◆ **TASK REQUIREMENTS**
Reprint all entries without any alteration.

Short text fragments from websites
== == ==

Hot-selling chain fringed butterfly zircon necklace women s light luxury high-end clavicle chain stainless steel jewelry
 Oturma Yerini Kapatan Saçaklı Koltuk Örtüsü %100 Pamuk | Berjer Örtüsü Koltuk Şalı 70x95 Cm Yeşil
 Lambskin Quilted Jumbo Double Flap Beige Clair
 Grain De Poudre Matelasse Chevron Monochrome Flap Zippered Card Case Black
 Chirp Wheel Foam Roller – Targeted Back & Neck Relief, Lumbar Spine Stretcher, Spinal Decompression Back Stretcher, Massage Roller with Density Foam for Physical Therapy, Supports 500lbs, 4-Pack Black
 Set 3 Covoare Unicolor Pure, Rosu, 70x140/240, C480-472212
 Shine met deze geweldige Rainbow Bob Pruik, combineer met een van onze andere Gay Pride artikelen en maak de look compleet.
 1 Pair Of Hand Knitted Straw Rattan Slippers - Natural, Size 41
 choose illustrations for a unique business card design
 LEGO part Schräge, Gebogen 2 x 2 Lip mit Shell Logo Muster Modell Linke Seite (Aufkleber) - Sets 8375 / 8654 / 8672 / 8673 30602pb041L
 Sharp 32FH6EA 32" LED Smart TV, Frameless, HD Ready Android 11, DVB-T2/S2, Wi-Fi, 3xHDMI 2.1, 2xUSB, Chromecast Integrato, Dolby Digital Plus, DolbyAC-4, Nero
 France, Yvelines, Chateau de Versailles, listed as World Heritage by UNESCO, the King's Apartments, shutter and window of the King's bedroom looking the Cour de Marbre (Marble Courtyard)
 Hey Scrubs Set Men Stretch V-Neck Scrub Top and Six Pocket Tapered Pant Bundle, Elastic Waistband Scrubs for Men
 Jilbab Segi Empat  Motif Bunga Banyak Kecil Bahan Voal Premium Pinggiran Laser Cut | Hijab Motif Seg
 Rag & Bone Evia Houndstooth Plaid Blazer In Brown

== == ==

◆ **RESPONSE**
Hot-selling chain fringed butterfly zircon necklace women s light luxury high-end clavicle chain stainless steel jewelry
 Oturma Yerini Kapatan Saçaklı Koltuk Örtüsü %100 Pamuk | Berjer Örtüsü Koltuk Şalı 70x95 Cm Yeşil
 Lambskin Quilted Jumbo Double Flap Beige Clair
 Grain De Poudre Matelasse Chevron Monochrome Flap Zippered Card Case Black
 Chirp Wheel Foam Roller – Targeted Back & Neck Relief, Lumbar Spine Stretcher, Spinal Decompression Back Stretcher, Massage Roller with Density Foam for Physical Therapy, Supports 500lbs, 4-Pack Black
 Set 3 Covoare Unicolor Pure, Rosu, 70x140/240, C480-472212
 Shine met deze geweldige Rainbow Bob Pruik, combineer met een van onze andere Gay Pride artikelen en maak de look compleet.
 1 Pair Of Hand Knitted Straw Rattan Slippers - Natural, Size 41
 choose illustrations for a unique business card design
 LEGO part Schräge, Gebogen 2 x 2 Lip mit Shell Logo Muster Modell Linke Seite (Aufkleber) - Sets 8375 / 8654 / 8672 / 8673 30602pb041L
 Sharp 32FH6EA 32" LED Smart TV, Frameless, HD Ready Android 11, DVB-T2/S2, Wi-Fi, 3xHDMI 2.1, 2xUSB, Chromecast Integrato, Dolby Digital Plus, DolbyAC-4, Nero
 France, Yvelines, Chateau de Versailles, listed as World Heritage by UNESCO, the King's Apartments, shutter and window of the King's bedroom looking the Cour de Marbre (Marble Courtyard)
 Hey Scrubs Set Men Stretch V-Neck Scrub Top and Six Pocket Tapered Pant Bundle, Elastic Waistband Scrubs for Men
 Jilbab Segi Empat  Motif Bunga Banyak Kecil Bahan Voal Premium Pinggiran Laser Cut | Hijab Motif Seg
 Rag & Bone Evia Houndstooth Plaid Blazer In Brown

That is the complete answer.